## Writing content into a Document Store


### `DocumentWriter`

#### Writing regular documents

We can write `Document` objects into a Document Store using the `DocumentWriter` class. In this example, we create a `DocumentStore` and write a `Document` object into it.

In [None]:
!pip install --upgrade haystack-ai
!pip install "sentence-transformers>=2.2.0"

In [None]:
from haystack.components.writers import DocumentWriter
from haystack.document_stores.in_memory.document_store import InMemoryDocumentStore
from haystack.dataclasses import Document

# Initialize an in-memory document store
doc_store = InMemoryDocumentStore()

# Create the DocumentWriter component with the document store
document_writer = DocumentWriter(document_store=doc_store)

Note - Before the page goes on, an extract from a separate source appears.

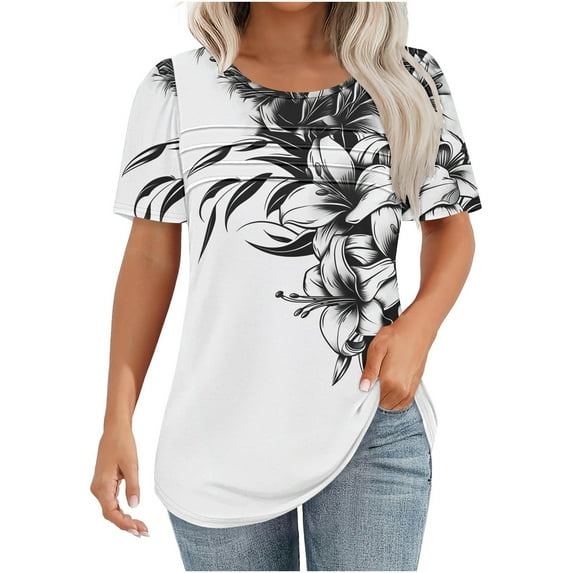 jtjvou Women's Crewneck Tees Floral Pullover Trendy Fashion Summer Lady Short Sleeve Tuinc Oversize Going out Tops for Teen Multicolor,M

# Define a list of documents to write
documents_to_write = [
    Document(content="Document 1 content"),
    Document(content="Document 2 content"),
]

# Use the DocumentWriter component to write documents to the store
result = document_writer.run(documents=documents_to_write)

# Print the number of documents written
print(f"Documents written: {result['documents_written']}")


In [None]:
doc_store.count_documents()

In [None]:
doc_store.filter_documents()

#### Writing embedded documents

There may be times in which, either due to the size of the data, or to preserve semantic meaning while leveraging embedding models, that we may want to work with embeddings instead. 

We can follow the next key steps.

* Compute Embeddings: Use either the `OpenAIDocumentEmbedder` or `SentenceTransformersDocumentEmbedder`, or other Haystack embedding model integration, to compute the embeddings for your documents.

* Store Embeddings: The computed embeddings are stored in the embedding field of the Document objects.

* Write to DocumentStore: Use the DocumentWriter component to write these Document objects, now with embeddings, into a DocumentStore.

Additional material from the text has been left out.